EXERCISE GOAL:
Quote the material exactly from the line that contains "May include: A" through its last line. Any pictures are to be left out.

Segment Start: STORED DATA

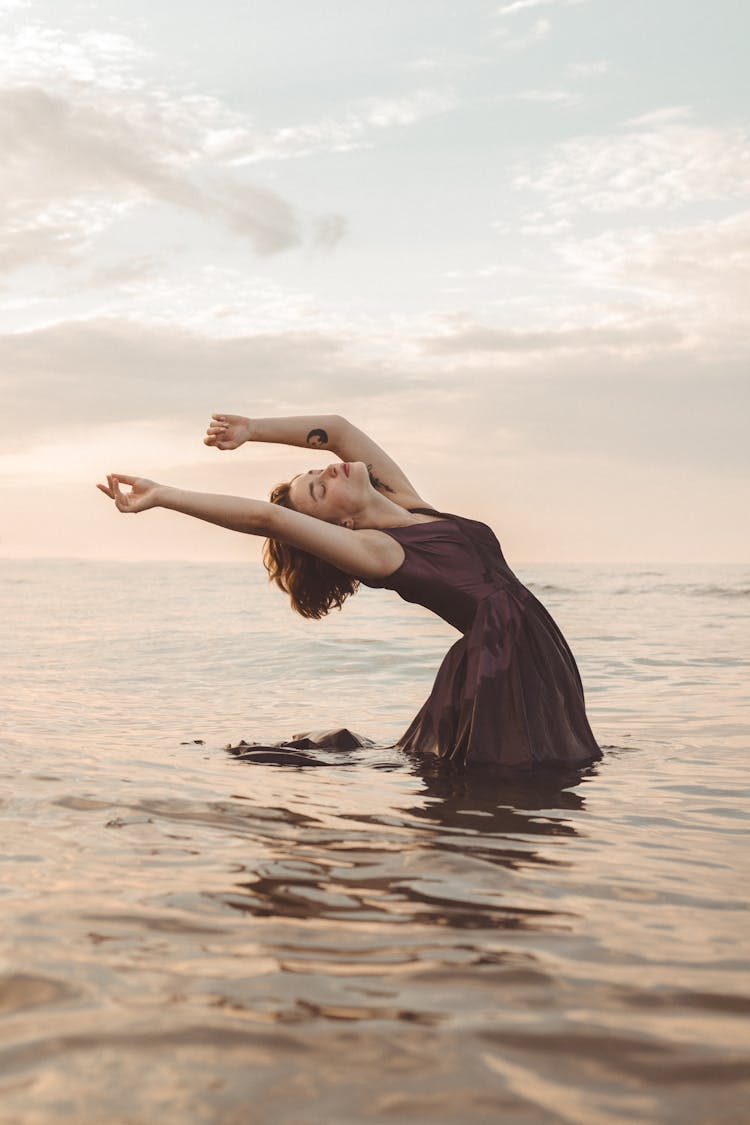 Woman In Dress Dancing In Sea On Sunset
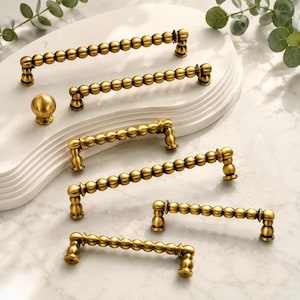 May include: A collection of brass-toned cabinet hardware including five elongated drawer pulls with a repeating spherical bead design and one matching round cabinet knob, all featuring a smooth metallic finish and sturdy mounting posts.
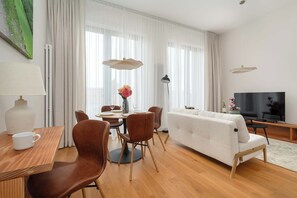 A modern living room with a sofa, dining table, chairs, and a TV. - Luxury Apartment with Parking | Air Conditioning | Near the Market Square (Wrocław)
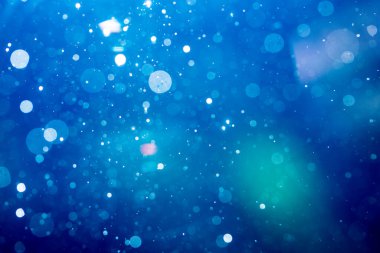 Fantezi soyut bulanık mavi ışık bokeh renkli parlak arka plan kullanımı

Segment End: STORED DATA

ANSWER TO THIS PROBLEM:
 May include: A collection of brass-toned cabinet hardware including five elongated drawer pulls with a repeating spherical bead design and one matching round cabinet knob, all featuring a smooth metallic finish and sturdy mounting posts.
 A modern living room with a sofa, dining table, chairs, and a TV. - Luxury Apartment with Parking | Air Conditioning | Near the Market Square (Wrocław)
 Fantezi soyut bulanık mavi ışık bokeh renkli parlak arka plan kullanımı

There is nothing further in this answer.